It is the switch to SFP from the @radomirpolach post but I still couldn’t figure out why that would be the case. @einar I originally accounted this to be some sort of the fluke (it is input from the hardware where it could be possible to in very rare cases get an induction to that pin in trigger level if that is stronger than pull up) because I was unable to find the root cause or even reproduce it. But having another users report the same… I went through all of the code again and… oh god. Stupid error. tos3to4: fix pin direction for SFP detection (!853) · Merge requests · Turris / Turris OS / Turris OS packages · GitLab
Thank you for reporting this and I am sorry about causing inconvenience. Unfortunately, this never came up in our internal testing and was reported only once by @einar so I considered it as unlikely issue.

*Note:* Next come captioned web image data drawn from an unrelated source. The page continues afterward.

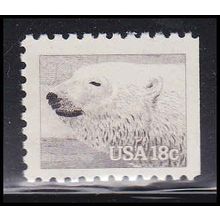 1885 18c Polar Bear Fine MNH Dry Gum BPS V4595 (7)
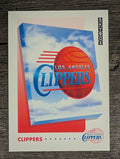 1991-92 SkyBox #362 Los Angeles Clippers TL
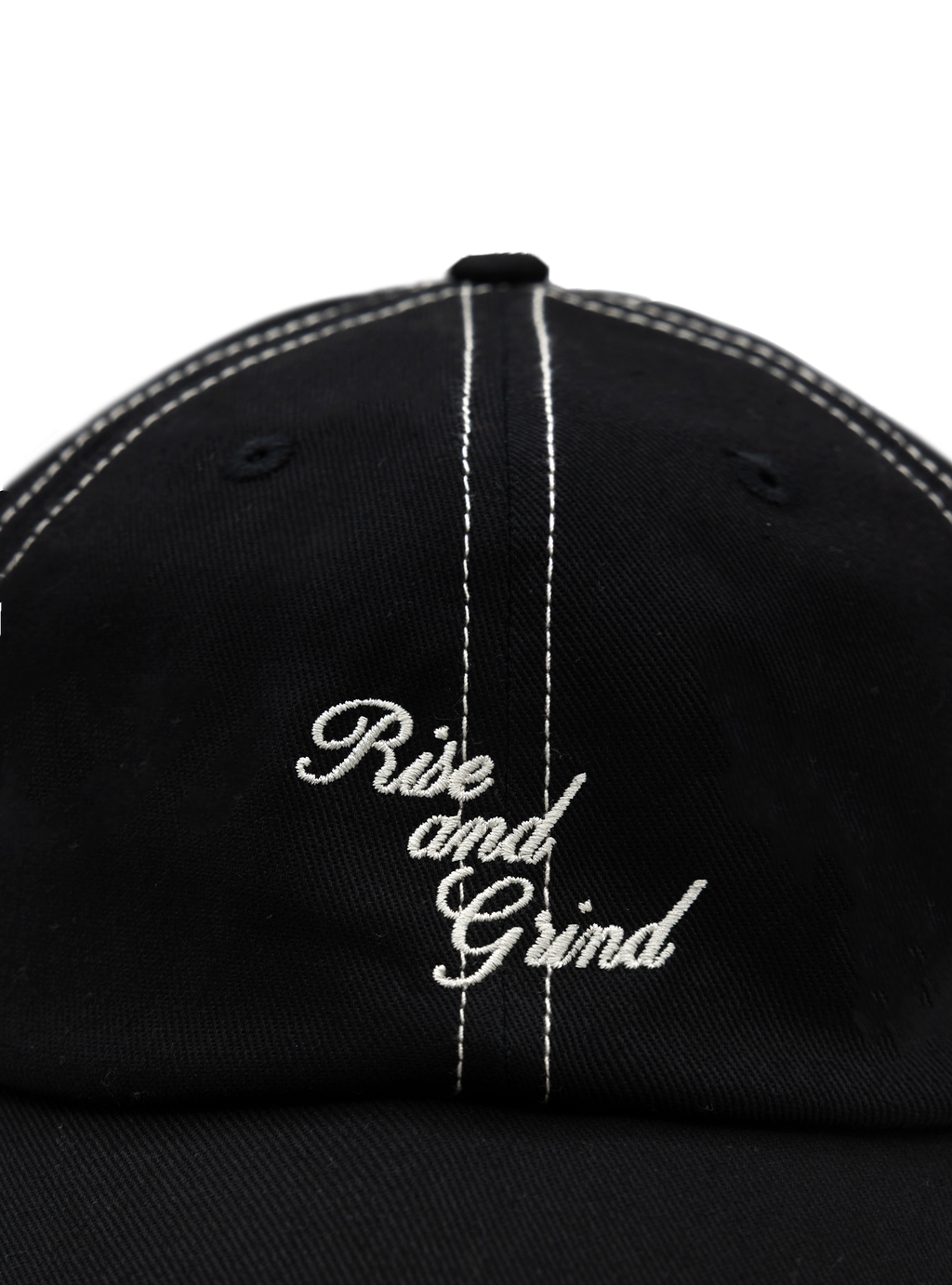 Classic Cap (Rise and Grind Stitch)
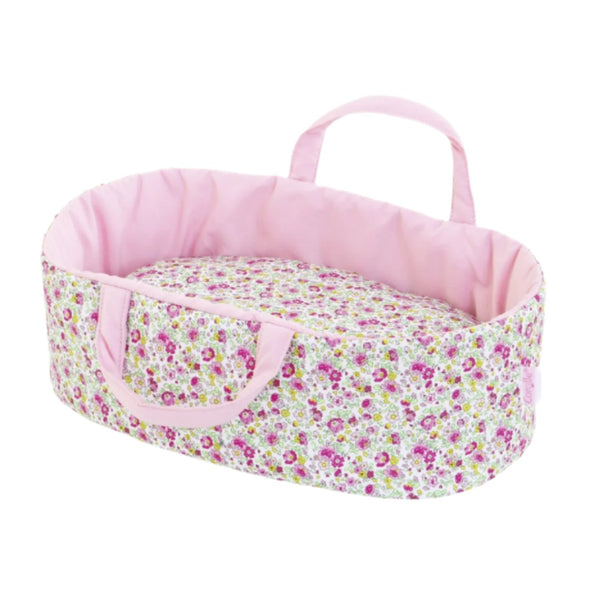 Corolle 12" Carry Bed - Floral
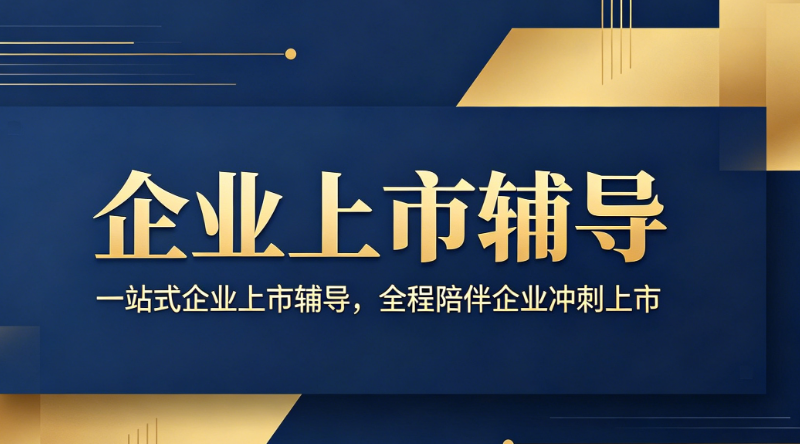 企业上市辅导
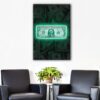 shining money canvas2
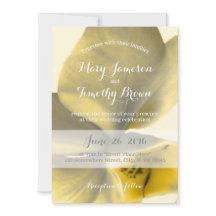 Artistic Flower in Yellow Tones - Wedding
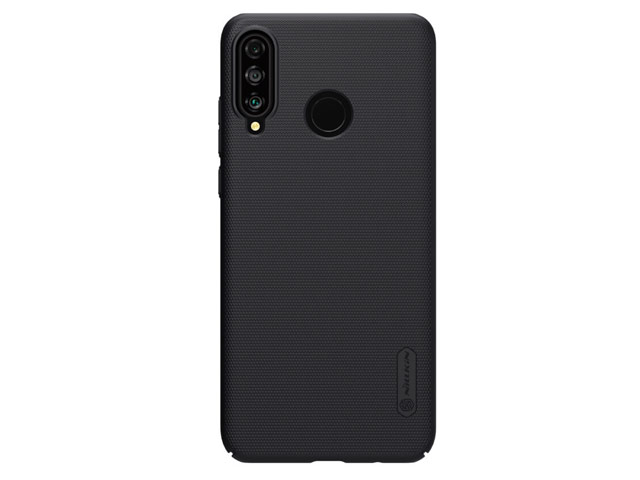 Чехол Nillkin Hard case для Huawei P30 lite (черный, пластиковый)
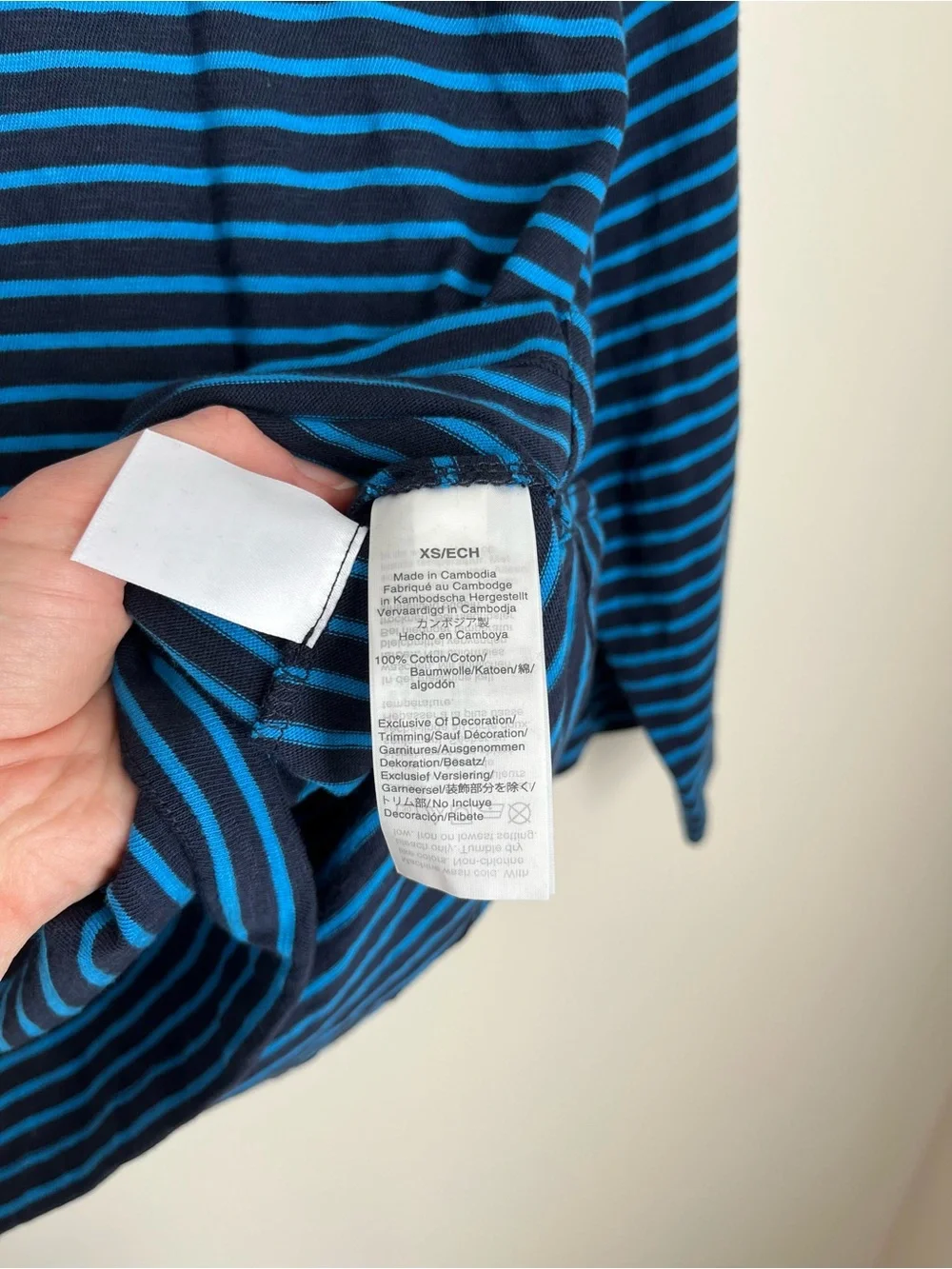 NWT J. Crew Avec Amour Tee (XS)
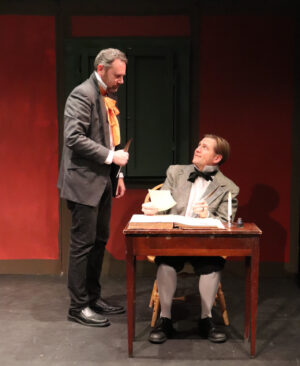 Holiday spirit: “A Christmas Carol” returns to NECC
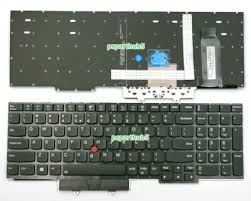 كيبورد لابتوب — Lenovo E15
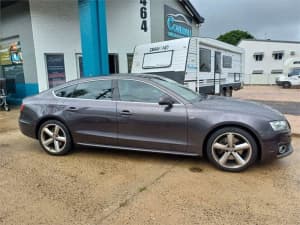 2011 Audi A5 8T MY11 Sportback 2.0 TFSI Quattro Grey 7 Speed Auto Direct Shift Hatchback Earlville Cairns City Preview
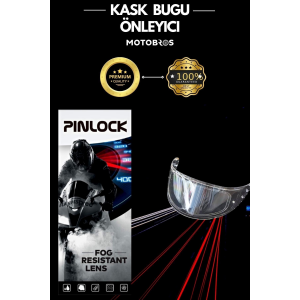 Motosiklet Ns-14 Kask Buğu Buhar Önleyici Garantili Pinlock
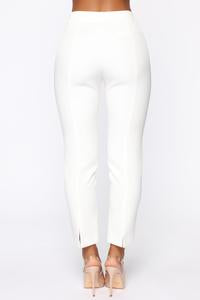 Cassandra Pants White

radomirpolach · December 2, 2021, 11:52am

Sadly, my swearing isn’t even equivalent to my frustration. If this was the first, second or third time something like this happened, I would and I was pretty calm. Just from the top of my head:

Some kernel modules weren’t there and I had to fix it through the serial console because it wouldn’t even boot.
They removed old repositories and factory reset basically broke the device completely.
They removed packages that were handling VPN packet traffic through conntrack. I have spent several days debugging why my VPN is not working.
Now this.

And there were several more times like these. And I postpone updates like these as far as I can. But still, even their official migration broke my device. And as you see I am not making it up, there was the reverse direction for SPF GPIO and there was a report from you that this happened. If it was mentioned in:

I would take it as there was a strange issue - We don’t know why - but it is possible SPF will be enabled instead of PHY, do this to recover and I would ok, I wouldn’t say a peep: 3.x migration - Turris Documentation But nada.
They basically covered the issue up with full knowledge that it happened to you.
They knew there is the possibility of the issue. They weren’t able to find the problem. OK. Happens. But not warning the users about a known issue… this is either malice or incompetence.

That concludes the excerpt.